Flecks of old paint flew into my mouth, and sneaked under the corners of my goggles and my hat. I wondered if I was just like that red line in the thermometer, ducking lower and lower until I couldn’t be seen. Was I hiding? No. I may not be earning a college degree, but I sure am earning something.
I had informed my parents, much to their dismay, that I was leaving college. And it was while I was there, in that wooden boat building shop, that I discovered what I really loved—something I had done my whole life, yet never really thought much of it. I wanted to purse art.
Even a sanding old paint contains art. Maybe this isn’t so bad, I thought, as the rough chips of paints began to conform to the beauty of the curved planks. At least this is real. Something real—that’s what I wanted. Not a degree, which is merely a piece of paper. Not a class, which discusses a world you have never actually seen.
That’s when I applied to art school. I poured my heart into that application. Smooth out the planks, make them beautiful, show off their curve—a great horizon. The one thing I didn’t like was the thought of how much it cost. Here, sanding paint and working with wood, I was earning money, but there? Use your hands and your tools, so this boat can go in the water come summer. Art schools are notoriously expensive, and who am I to rely on my parent’s money to get where I want to go? It just doesn’t seem right... This is your work. You are making this happen.

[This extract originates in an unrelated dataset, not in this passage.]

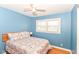 Bright bedroom with blue walls, ceiling fan, and comfortable patterned bedding at 7735 E 50Th St, Indianapolis, IN 46226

But the seasons carry on, and winter opens the door to let spring come through. Boats are painted, varnished, and launched. And that Spring, a letter came from the School of the Art Institute of Chicago. Not only was I accepted—I had received a full ride scholarship to attend. Was I going to go? Of course! And by the time I went, after knowing what its like to be cold, to work hard, to get covered in dirt and still keep smiling, I felt that at least now I had earned it more that I did before. And I felt that, more than anything, I would take full advantage of my opportunities there.
You never know what surprises may lie at the end of a well sanded plank of wood.